**WHAT THE TASK REQUIRES:**
Whenever a picture appears in the data, skip it and write out all other material exactly.

· · · · · · ·

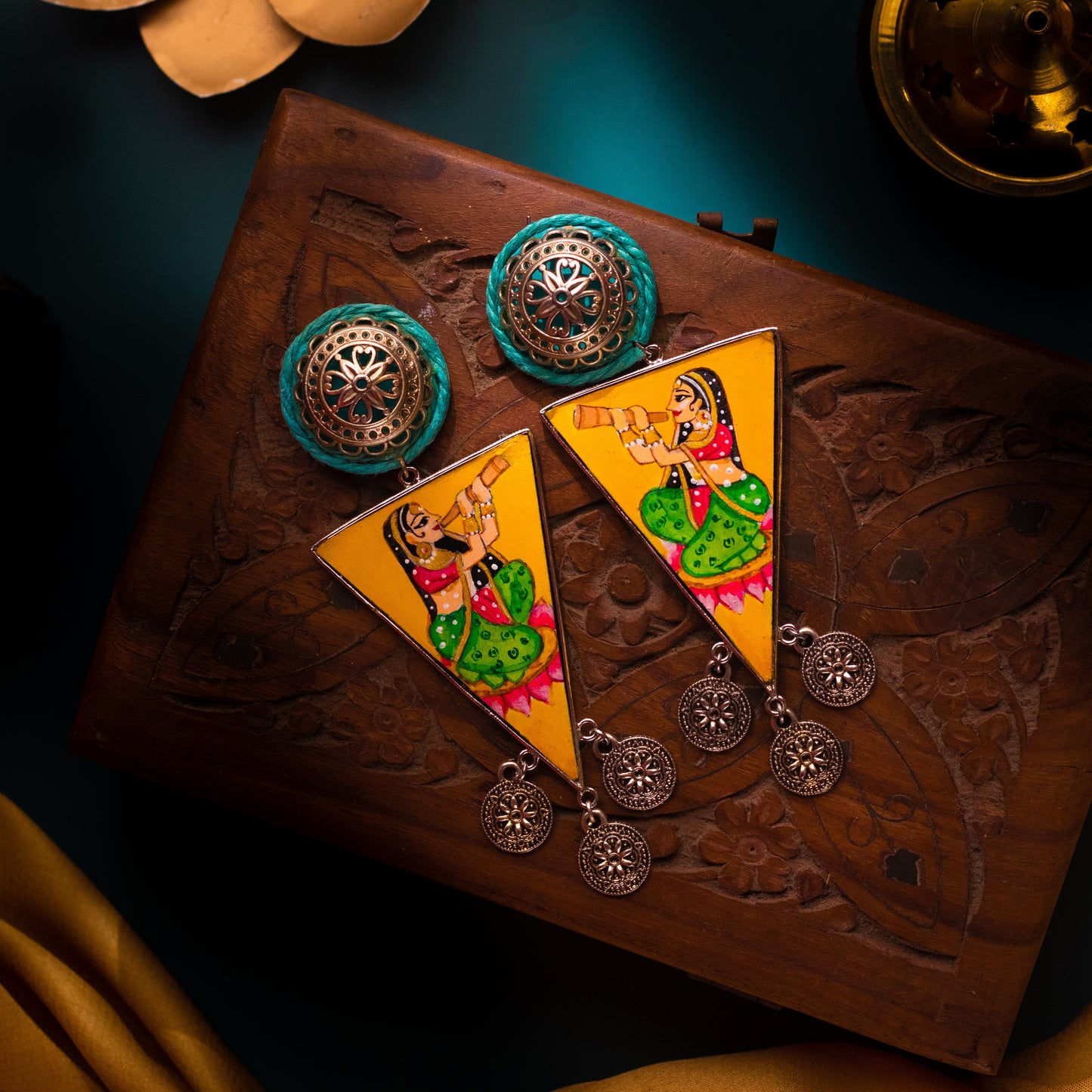 "Mendhika" Hand-painted Earring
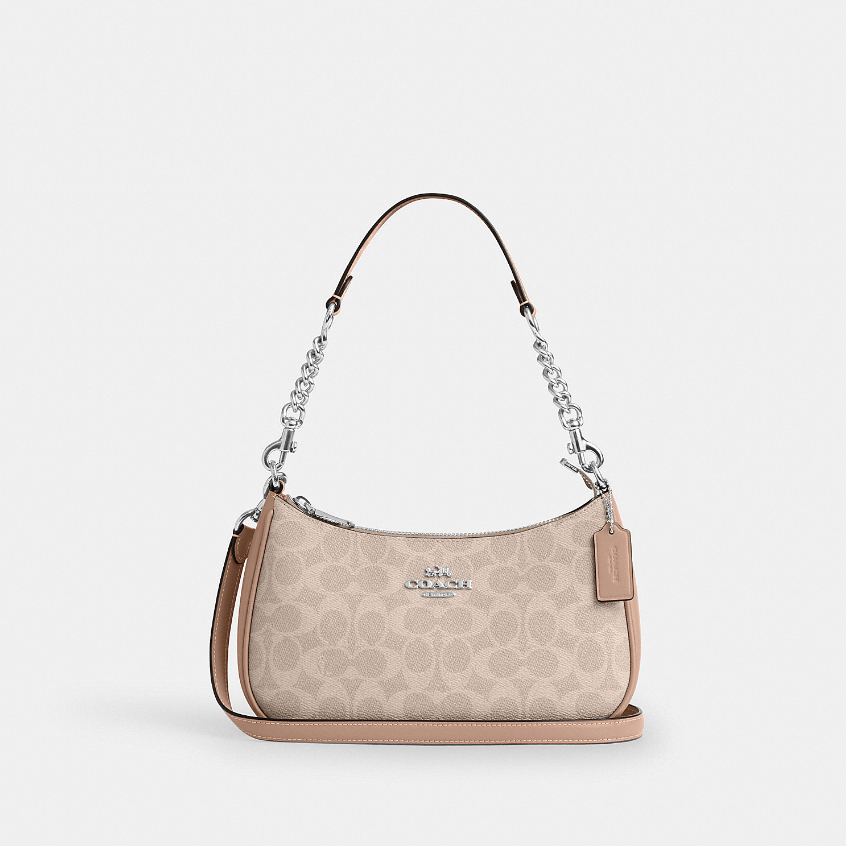 Coach CV933 Teri Shoulder Bag In Signature Canvas (SVPWH) กระเป๋าสะพายผู้หญิง สี Sv/Sand/Taupe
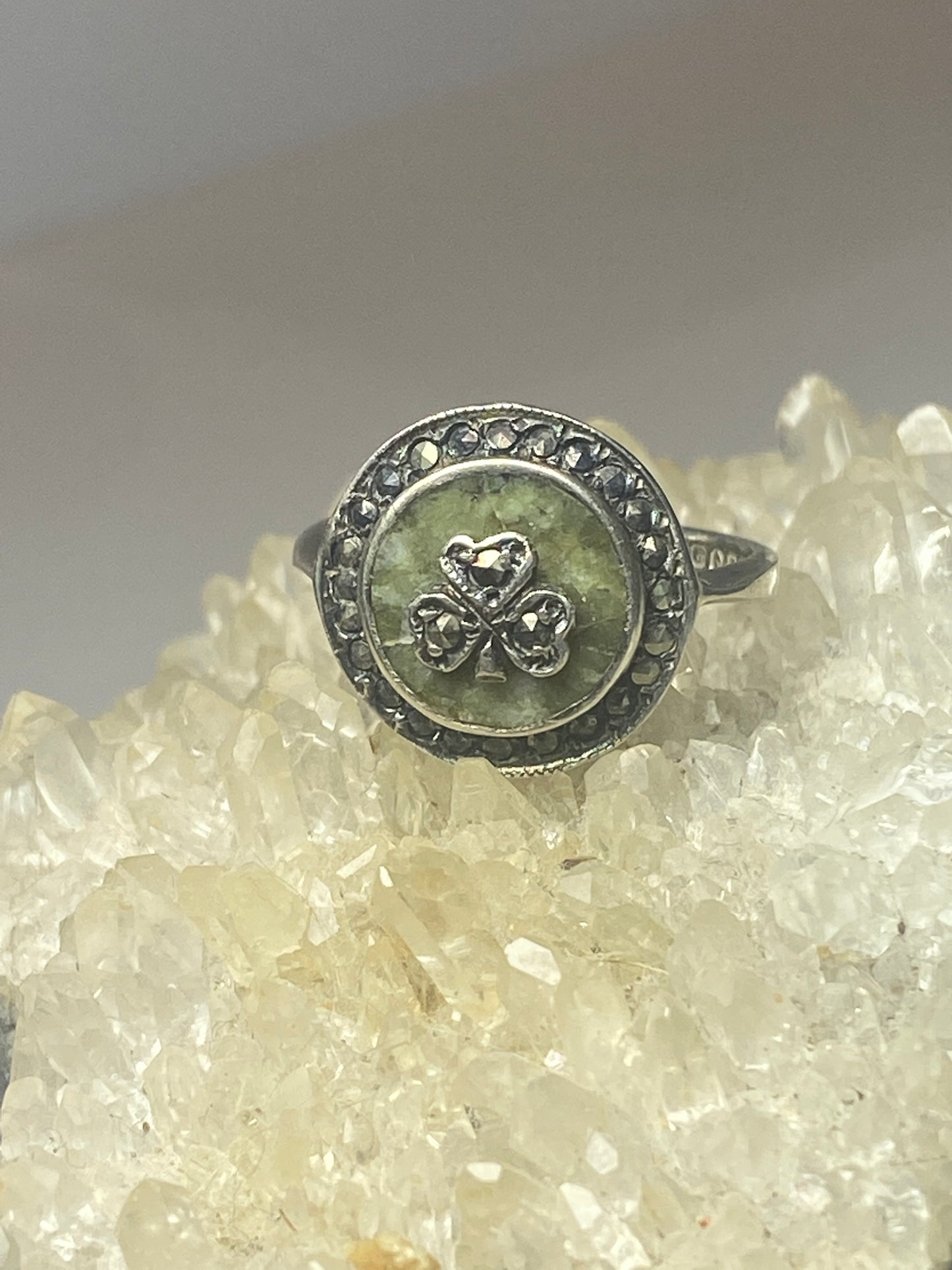 Three Leaf Clover ring marcasites  sterling silver women girls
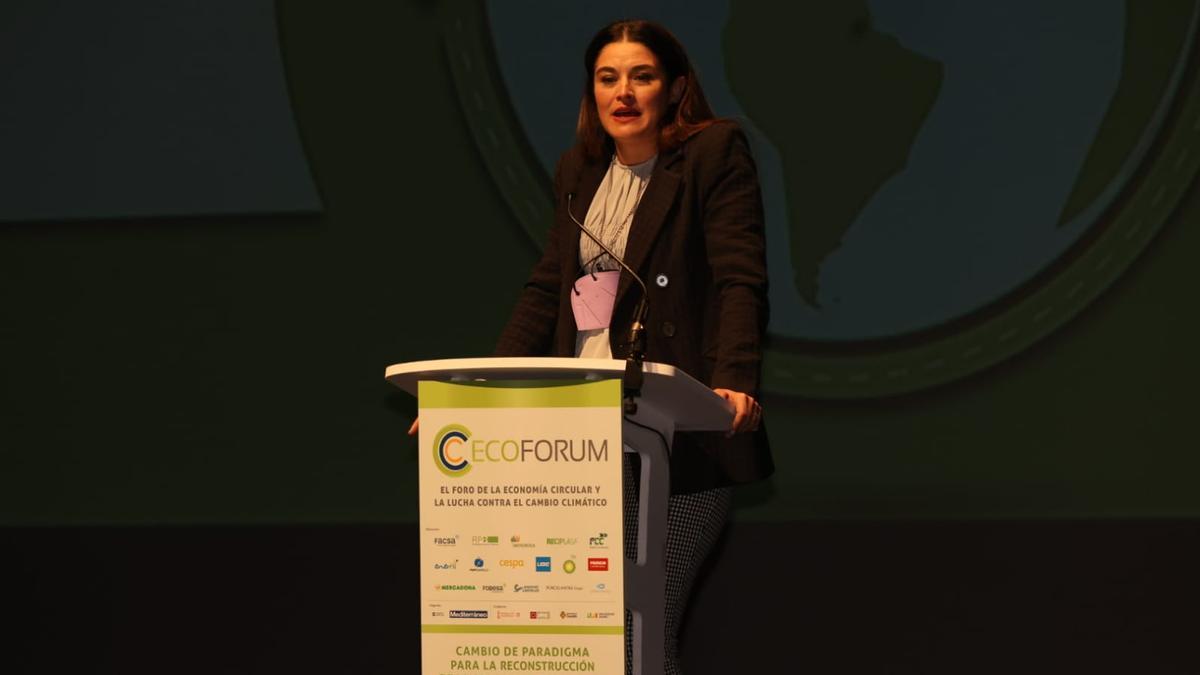 La consellera Mireia Mollà durante su intervención en el Ecoforum.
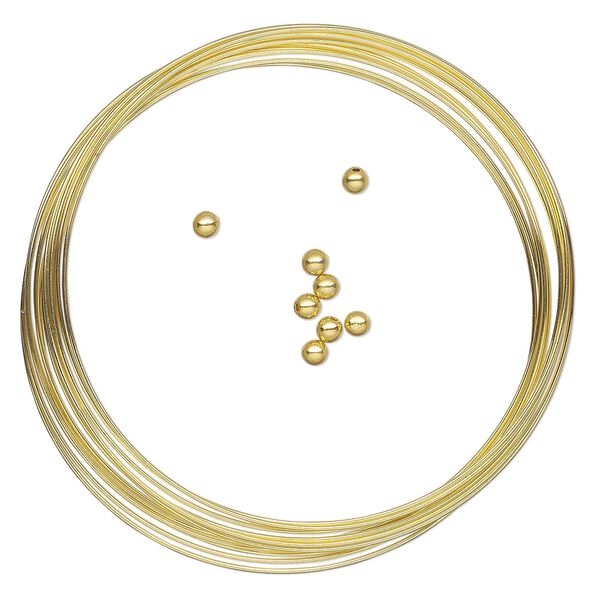 Memory wire, Beadalon&reg;, gold-plated carbon steel, 2-1/4-inch round bracelet, 0.65mm thick with 3mm end caps. Sold per 9-piece set, approximately 12 loops. image number 0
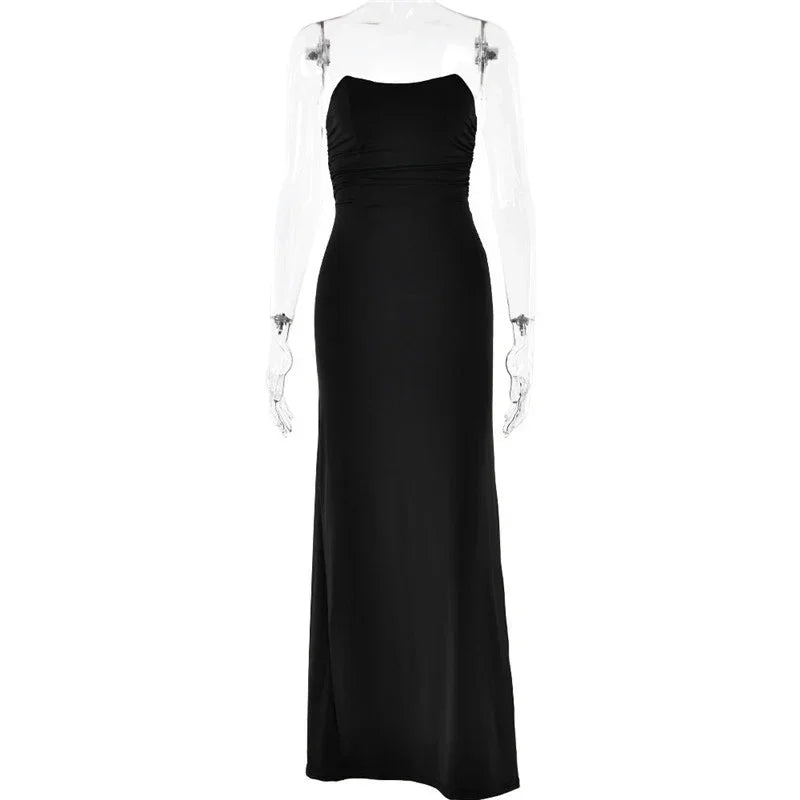 Women's lace up backless strapless maxi dress, off shoulder, fibrcon battery, club, party, long, summer, new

· · · · · · ·

**ANSWER BOX:**
 "Mendhika" Hand-painted Earring
 Coach CV933 Teri Shoulder Bag In Signature Canvas (SVPWH) กระเป๋าสะพายผู้หญิง สี Sv/Sand/Taupe
 Three Leaf Clover ring marcasites  sterling silver women girls
 La consellera Mireia Mollà durante su intervención en el Ecoforum.
 Memory wire, Beadalon&reg;, gold-plated carbon steel, 2-1/4-inch round bracelet, 0.65mm thick with 3mm end caps. Sold per 9-piece set, approximately 12 loops. image number 0
 Women's lace up backless strapless maxi dress, off shoulder, fibrcon battery, club, party, long, summer, new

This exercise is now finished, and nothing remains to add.